Task inputs START

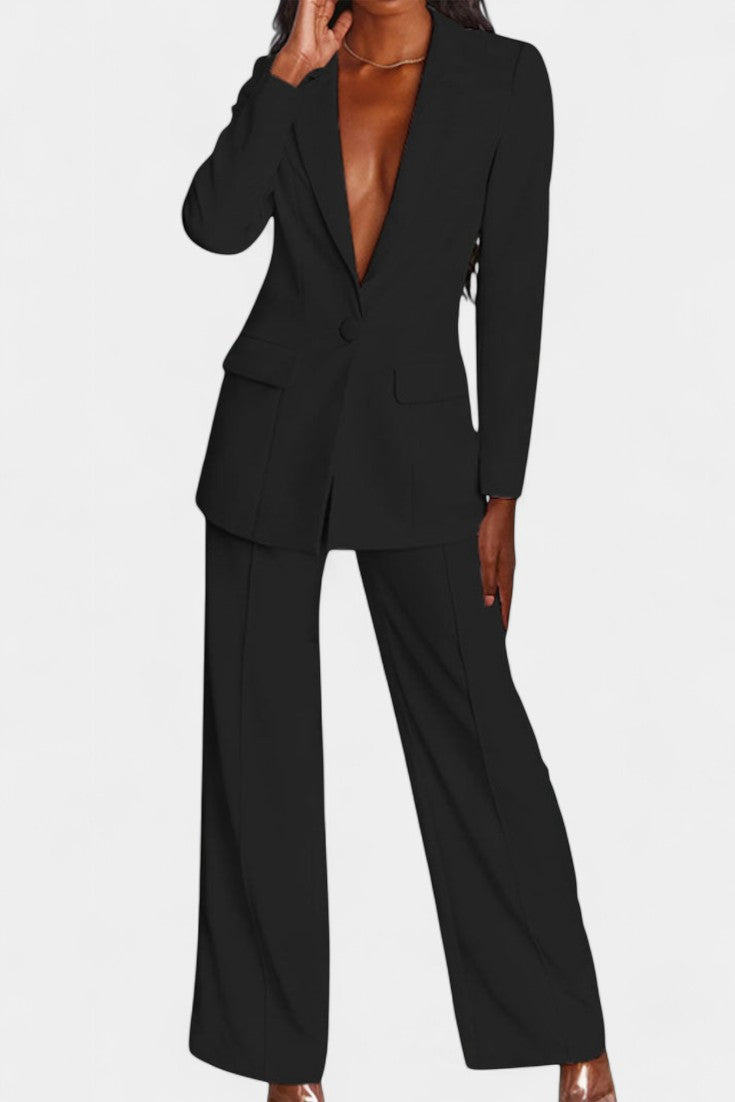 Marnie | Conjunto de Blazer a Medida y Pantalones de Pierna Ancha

Task inputs END
Task inputs START

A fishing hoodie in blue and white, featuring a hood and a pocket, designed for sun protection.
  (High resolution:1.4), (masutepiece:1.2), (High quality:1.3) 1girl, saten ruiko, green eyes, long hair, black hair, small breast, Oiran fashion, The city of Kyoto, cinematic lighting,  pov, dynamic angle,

Task inputs END
Task inputs START

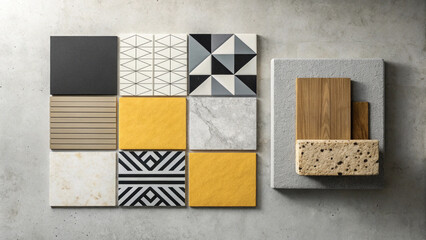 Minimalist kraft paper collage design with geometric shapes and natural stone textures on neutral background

Task inputs END

The answer is the run of lines above from the line containing "A fishing hoodie" through the line containing "(High resolution:1.4), (masutepiece:1.2), (High", copied exactly and alone.

A fishing hoodie in blue and white, featuring a hood and a pocket, designed for sun protection.
  (High resolution:1.4), (masutepiece:1.2), (High quality:1.3) 1girl, saten ruiko, green eyes, long hair, black hair, small breast, Oiran fashion, The city of Kyoto, cinematic lighting,  pov, dynamic angle,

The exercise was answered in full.